I'd like the data beneath this line reproduced exactly, without any of its images.

_Record extracts:_
==============================

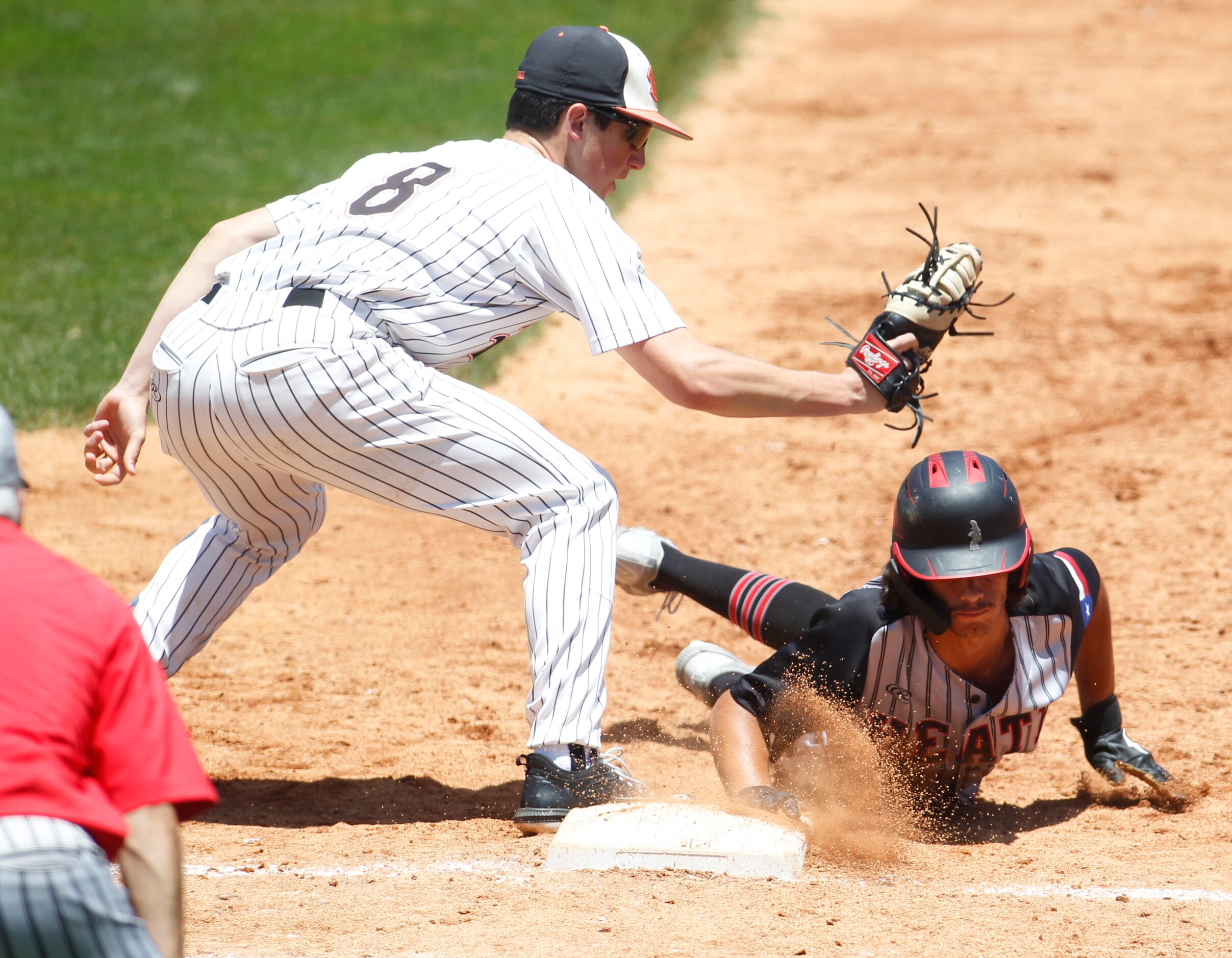 Rockwall baserunner Alex Stowers (2) dives back safely into first base as Rockwall first...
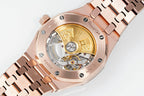 Audemars Piguet rose gold-tone watch case open view with gold-toned movement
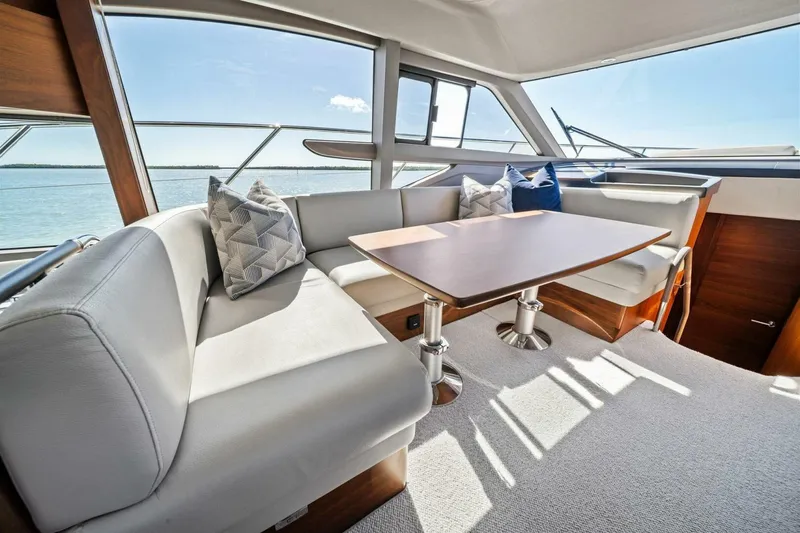 R&r Yacht Photos Pics Luxurious interior of 2023 Princess F50 yacht with elegant seating and table.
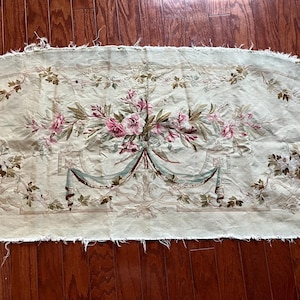 May include: A rectangular piece of fabric with a floral design. The fabric is a light green color with a distressed look. The floral design features pink flowers, green leaves, and blue ribbons. The edges of the fabric are unfinished.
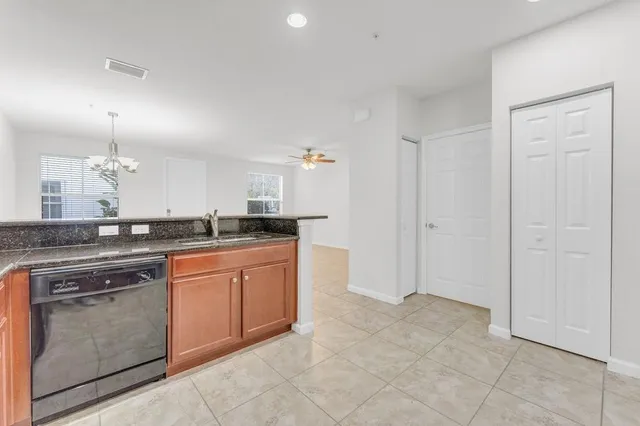 a large kitchen with cabinets and stainless steel appliances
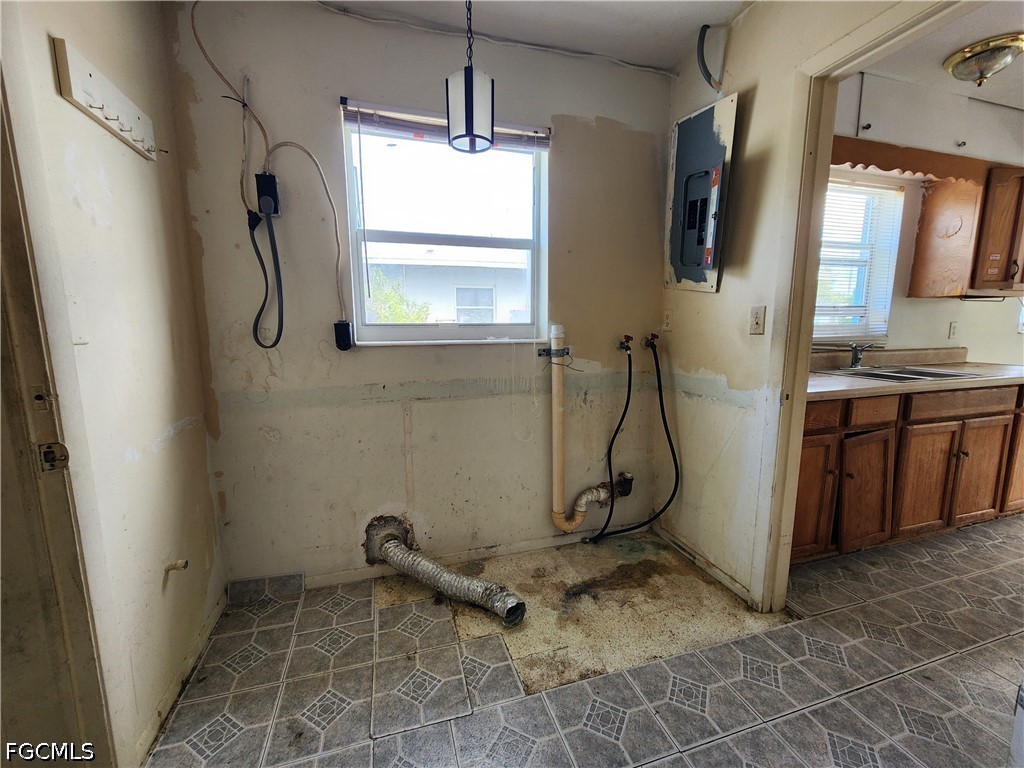 Laundry area with exposed washer hookups and a vent duct lying on the stained floor.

==============================

_Task answer:_
 Rockwall baserunner Alex Stowers (2) dives back safely into first base as Rockwall first...
 Audemars Piguet rose gold-tone watch case open view with gold-toned movement
 R&r Yacht Photos Pics Luxurious interior of 2023 Princess F50 yacht with elegant seating and table.
 May include: A rectangular piece of fabric with a floral design. The fabric is a light green color with a distressed look. The floral design features pink flowers, green leaves, and blue ribbons. The edges of the fabric are unfinished.
 a large kitchen with cabinets and stainless steel appliances
 Laundry area with exposed washer hookups and a vent duct lying on the stained floor.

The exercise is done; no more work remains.